Methods inside AbstractMicroplate itself parse strings back to objects:

  • sortedWells(COLUMN): calls fromString() on every well just to rearrange row/column for sort key
  • matchRow() / matchColumn(): calls fromString() on every tested well in the filter callback
  • isConsecutive(): calls fromString() on every filled well to get positions

Each fromString() runs a regex match with validation — non-trivial work for data that was already a valid Coordinates object moments before.

Pain Point 4: Round-trip waste

Some downstream code serializes then immediately deserializes (or vice versa):

// string → object → string, just for validation/normalization
Coordinates::fromString($coordinatesString, new CoordinateSystem12x8())->toString();

// position → object → string
Coordinates::fromPosition($position, FlowDirection::COLUMN(), new CoordinateSystem12x8())->toString();

Pain Point 5: Natural sort doesn't work on coordinate strings

Coordinate strings don't sort correctly ("A10" < "A2" lexicographically).
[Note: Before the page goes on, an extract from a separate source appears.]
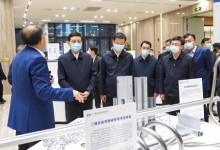 肖亞慶在江蘇調(diào)研工業(yè)經(jīng)濟(jì)和中小企業(yè)工作：把促進(jìn)中小企業(yè)發(fā)展作為長期發(fā)展戰(zhàn)略抓實(shí)抓好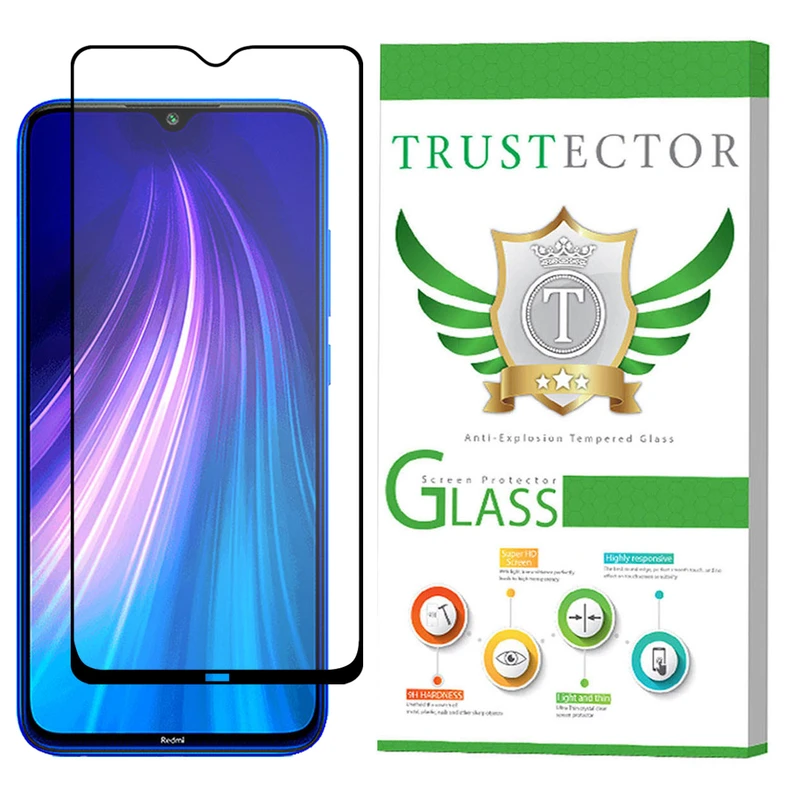 محافظ صفحه نمایش سرامیکی تراستکتور مدل CMA-T مناسب برای گوشی موبایل شیائومی Redmi Note 8 2021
In projects, this forces workarounds like SQL FIELD() clauses that manually supply the correct order:

$list = $microplate->freeWells()->keys()->join("','");
$query->orderByRaw("FIELD(coordinates_column, '{$list}')");

Pain Point 6: toWellWithCoordinatesMapper() exists as a band-aid

The existence of this helper method documents the problem — it reconstructs Coordinates from string keys to pair them back with well contents. In practice it sees little adoption, suggesting the ergonomics aren't compelling enough.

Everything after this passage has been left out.